Chinese Students Experiencing Learning French as a Second Language in France: A Case Study of Individual Differences in the Context of Study Abroad

Jinjing Wang and Sophie Bailly

Introduction

The Chinese educational system leaves little room for the teaching of French compared to English, because English is the only compulsory language subject in the national competition for university entrance.

Most Chinese students study a foreign language to obtain a diploma, but some of them aim to master a foreign language in order to go abroad to study, if their financial situation allows it. From 2007 to 2011, the number of Chinese students going abroad kept increasing, with 20 per cent growth observed each year. From 1978 to 2012, a total of 265,510,000 Chinese students went abroad to study (Eol, n.d.). Because most Chinese students have studied English, their favourite destinations are the United States of America, the United Kingdom, Australia and Canada.

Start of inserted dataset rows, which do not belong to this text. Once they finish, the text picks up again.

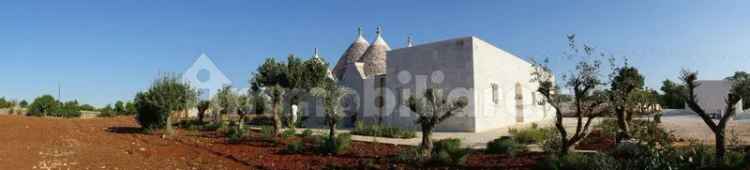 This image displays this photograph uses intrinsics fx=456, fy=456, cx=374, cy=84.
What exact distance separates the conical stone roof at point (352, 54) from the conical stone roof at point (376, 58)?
123cm

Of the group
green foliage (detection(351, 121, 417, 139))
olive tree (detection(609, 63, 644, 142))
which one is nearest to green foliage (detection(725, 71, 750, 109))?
olive tree (detection(609, 63, 644, 142))

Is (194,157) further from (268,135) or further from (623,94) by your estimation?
(623,94)

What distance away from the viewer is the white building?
59.5 feet

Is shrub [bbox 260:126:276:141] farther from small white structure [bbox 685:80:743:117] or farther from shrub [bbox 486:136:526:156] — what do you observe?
small white structure [bbox 685:80:743:117]

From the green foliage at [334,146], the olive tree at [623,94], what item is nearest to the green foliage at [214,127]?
the green foliage at [334,146]

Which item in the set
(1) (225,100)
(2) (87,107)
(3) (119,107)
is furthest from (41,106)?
(1) (225,100)

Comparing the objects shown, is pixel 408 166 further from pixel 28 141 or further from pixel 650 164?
pixel 28 141

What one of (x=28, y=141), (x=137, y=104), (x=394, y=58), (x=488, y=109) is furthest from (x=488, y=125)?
(x=28, y=141)

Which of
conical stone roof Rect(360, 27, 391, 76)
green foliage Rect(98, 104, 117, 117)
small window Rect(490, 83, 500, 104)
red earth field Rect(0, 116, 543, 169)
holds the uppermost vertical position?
conical stone roof Rect(360, 27, 391, 76)

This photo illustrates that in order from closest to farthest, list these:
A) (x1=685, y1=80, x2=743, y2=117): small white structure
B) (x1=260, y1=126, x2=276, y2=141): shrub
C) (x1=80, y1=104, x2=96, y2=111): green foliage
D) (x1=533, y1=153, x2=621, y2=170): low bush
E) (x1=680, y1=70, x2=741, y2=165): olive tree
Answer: (x1=533, y1=153, x2=621, y2=170): low bush, (x1=680, y1=70, x2=741, y2=165): olive tree, (x1=260, y1=126, x2=276, y2=141): shrub, (x1=685, y1=80, x2=743, y2=117): small white structure, (x1=80, y1=104, x2=96, y2=111): green foliage

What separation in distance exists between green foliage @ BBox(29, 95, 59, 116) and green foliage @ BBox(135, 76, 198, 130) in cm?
1913

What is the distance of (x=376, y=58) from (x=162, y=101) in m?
11.4

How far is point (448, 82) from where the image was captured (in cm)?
1855

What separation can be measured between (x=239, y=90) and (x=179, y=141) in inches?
351
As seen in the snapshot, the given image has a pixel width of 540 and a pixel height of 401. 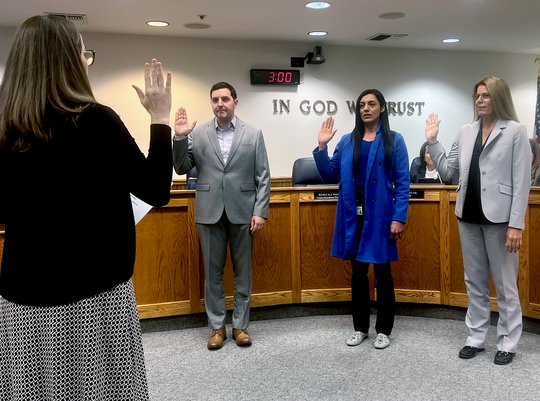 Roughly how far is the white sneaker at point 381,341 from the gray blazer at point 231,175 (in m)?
1.02

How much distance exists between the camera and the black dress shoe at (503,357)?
9.77 feet

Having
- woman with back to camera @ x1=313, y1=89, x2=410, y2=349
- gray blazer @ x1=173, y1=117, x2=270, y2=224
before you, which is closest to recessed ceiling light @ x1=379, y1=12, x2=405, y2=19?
woman with back to camera @ x1=313, y1=89, x2=410, y2=349

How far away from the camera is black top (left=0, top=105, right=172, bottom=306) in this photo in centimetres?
119

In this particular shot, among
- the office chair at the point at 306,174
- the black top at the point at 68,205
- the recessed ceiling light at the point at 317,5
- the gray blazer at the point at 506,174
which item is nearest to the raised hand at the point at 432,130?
the gray blazer at the point at 506,174

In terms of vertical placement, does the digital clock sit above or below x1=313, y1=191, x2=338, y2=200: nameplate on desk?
above

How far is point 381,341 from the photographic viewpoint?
3.31 meters

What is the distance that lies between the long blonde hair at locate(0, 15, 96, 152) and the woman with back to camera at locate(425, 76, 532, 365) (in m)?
2.33

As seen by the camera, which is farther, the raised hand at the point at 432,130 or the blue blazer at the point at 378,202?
the blue blazer at the point at 378,202

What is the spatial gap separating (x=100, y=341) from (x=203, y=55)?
661cm

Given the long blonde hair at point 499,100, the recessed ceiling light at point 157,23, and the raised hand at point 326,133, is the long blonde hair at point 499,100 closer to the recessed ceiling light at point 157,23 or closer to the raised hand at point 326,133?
the raised hand at point 326,133

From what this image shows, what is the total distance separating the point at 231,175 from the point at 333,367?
126cm

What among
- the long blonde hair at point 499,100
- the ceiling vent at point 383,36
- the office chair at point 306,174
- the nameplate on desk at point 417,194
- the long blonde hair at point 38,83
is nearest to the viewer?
the long blonde hair at point 38,83

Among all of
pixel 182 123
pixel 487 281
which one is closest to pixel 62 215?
pixel 182 123

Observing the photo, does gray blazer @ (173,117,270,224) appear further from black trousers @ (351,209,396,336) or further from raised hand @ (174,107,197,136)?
black trousers @ (351,209,396,336) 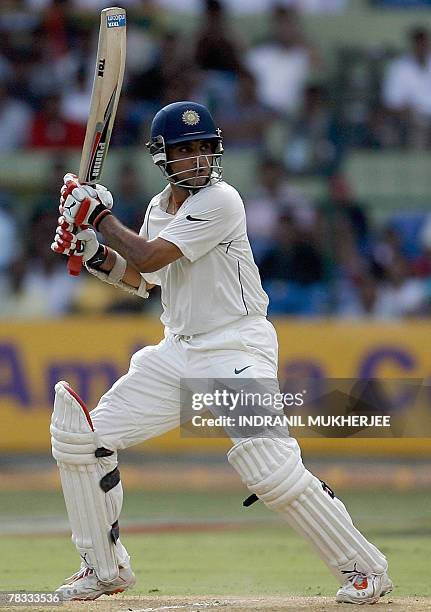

As a result of the French government's plan to promote its universities worldwide since 1998, more and more Chinese students have chosen to come to study in France. Given the increasing demand, French language teaching is experiencing a considerable rise in China.

Today, 35,000 Chinese students are registered in French universities, making them the main contingent of foreign students in France ('Visite du president chinois en France: tapis rouge et gros contrats en vue', 2014). In an official speech, Laurent Fabius, the French minister of foreign affairs, affirmed that the number of Chinese students in France could reach 50,000 in 2015 ('En visite officielle en Chine, Fabius repart avec une promesse de cooperation etroite', 2012). It is thus important to understand their experience in language learning in the host society in order to improve the teaching and the facilities that are accorded to them. The present case study focuses on the autonomous learning abilities of three Chinese students and on the strategies they use learning French in France. We will further examine how these strategies possibly relate to their beliefs and attitudes towards French language learning.